Beirute/Akkar, Líbano – Ammouneh Haydar está sentada em uma cadeira de plástico no apartamento escassamente mobiliado que ela não sai há um mês. À medida que o sol se põe, uma única lâmpada fluorescente lança seu brilho fraco pela sala. Em poucos minutos, uma queda de energia de 22 horas reduzirá o local à escuridão.
Haydar, 32, vai se confinar em sua pequena casa na vila de Tleil, perto da fronteira com a Síria, por mais dez dias. Seu marido, Ibrahim Urfali, foi morto em uma explosão de um tanque de combustível em meados de agosto, e ela segue uma tradição de luto comum para viúvas enlutadas em algumas comunidades muçulmanas conservadoras no Líbano, abstendo-se de contato com homens por 40 dias.
Lágrimas escorrem por suas bochechas durante um momento de reflexão silenciosa. Seu filho de seis anos, o segundo filho do casal, puxa o rosto de Haydar para o dele e o cobre de beijos, aparentemente desesperado para aliviar a agonia de sua mãe.
Ela força um pequeno sorriso.
A tragédia de Haydar é emblemática da crise de seu país.
Como a grande maioria da população libanesa, suas perdas materiais se multiplicaram a uma velocidade vertiginosa desde que o desastre financeiro do país começou há dois anos. Os ganhos já modestos da família foram reduzidos a quase nada. A escassez desenfreada a privou da capacidade de alimentar adequadamente seus quatro filhos.
Mesmo enquanto as emissoras de televisão locais exibiam imagens de grandes quantidades de fórmula infantil estocada no final de agosto, Haydar diz que não conseguiu encontrar nenhuma para comprar para seu filho de sete meses. Ela diz que recorreu a alimentá-lo com água quente misturada com açúcar.

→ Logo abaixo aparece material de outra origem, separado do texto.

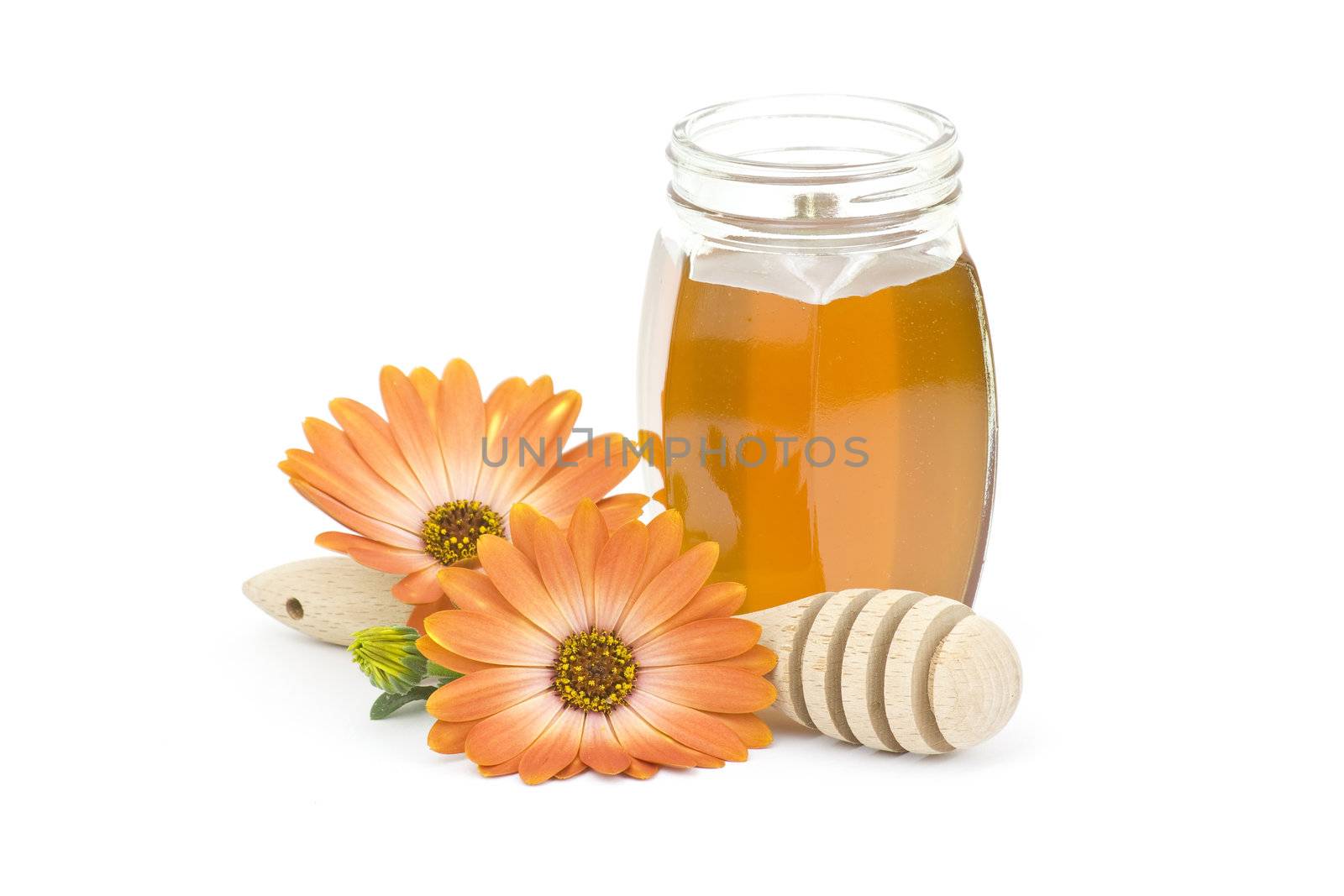 honey and flowers on white 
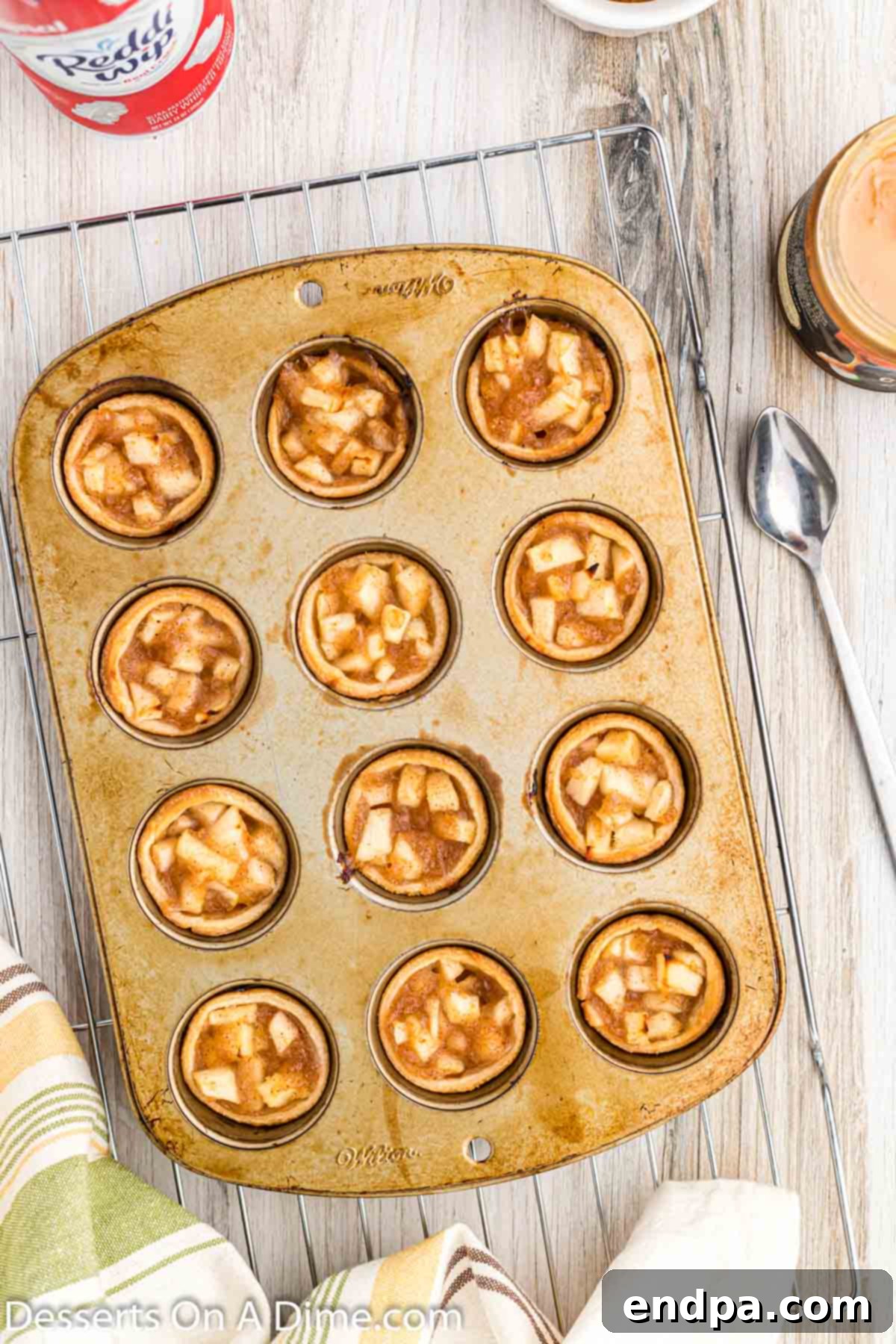 A mini muffin pan filled with freshly baked apple pie bites cooling on a wire rack.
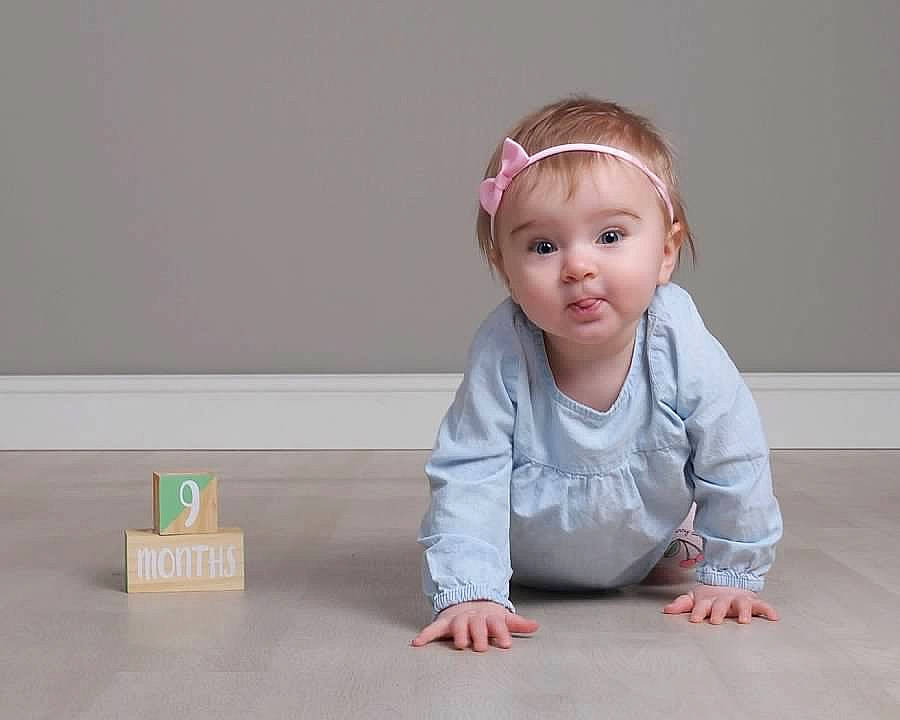 Lilliana joined the competition — help win amazing prizes! baby, child, crawling, floor, flooring, hair_accessory, headband, person, play, sitting, skin, toddler, wood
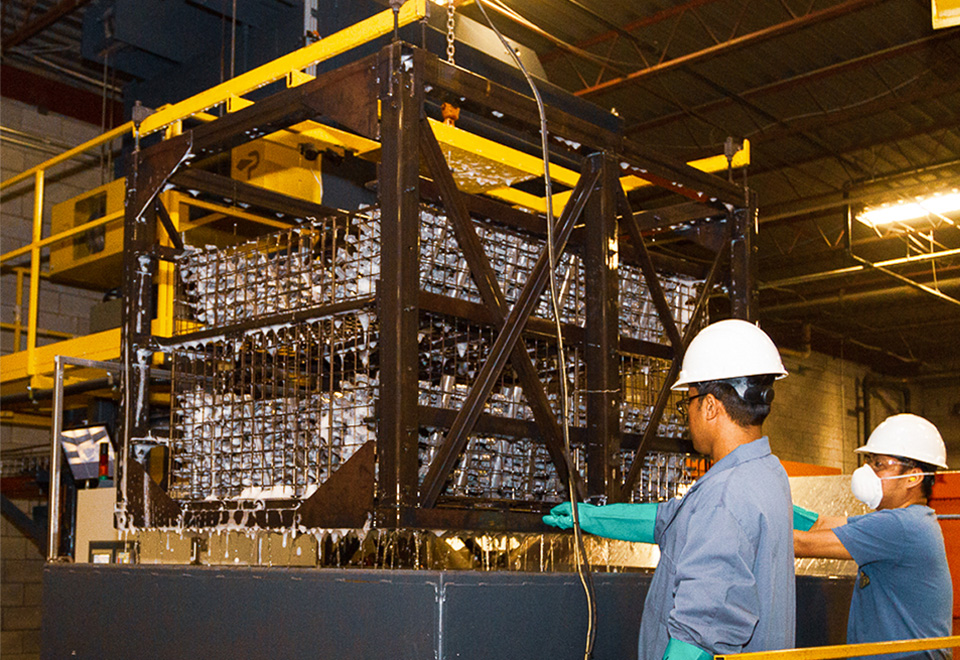 Close view of workers cooling down pieces during heat treatment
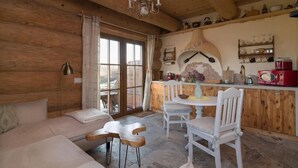 Un intérieur en bois comprenant un canapé, des fauteuils, une table, un lustre et un coin cuisine avec des étagères et une cuisinière.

A crise financeira do Líbano foi alimentada pela ganância de uma elite comercial, e são pessoas comuns como Haydar que estão pagando um preço alto – no caso de seu marido, o preço final – por isso.
Efeitos colaterais mortais da acumulação
A depressão econômica do país foi impulsionada por um rápido esgotamento das finanças públicas, exacerbado pelo que o Banco Mundial diz ter sido uma má gestão “deliberada” da crise por parte da elite dominante. Mas o acúmulo de bens essenciais também causou um golpe devastador na economia.
O primeiro-ministro do Líbano, Najib Mikati, disse no mês passado que comerciantes e “pessoas corruptas” retiveram 74% dos bens subsidiados do país – combustível, remédios, alimentos e fórmulas infantis – do público no ano passado. Isso representa cerca de US$ 7,4 bilhões dos US$ 10 bilhões que Mikati diz que o estado gastou em subsídios em um ano.

Dados de importação, declarações do Banco Central e dezenas de entrevistas com farmacêuticos, médicos, pacientes e trabalhadores humanitários realizados pela CNN apontam para um aumento de alguns bens subsidiados que chegam ao Líbano no primeiro semestre de 2021, quando muitos pais estavam lutando para alimentar seus bebês , os pacientes com câncer não tinham medicamentos que salvam vidas e o esgotamento do diesel fez com que centenas de empresas fechassem temporariamente.
A explosão do tanque de combustível que custou a vida do marido de Haydar destaca o impacto potencialmente devastador do acúmulo.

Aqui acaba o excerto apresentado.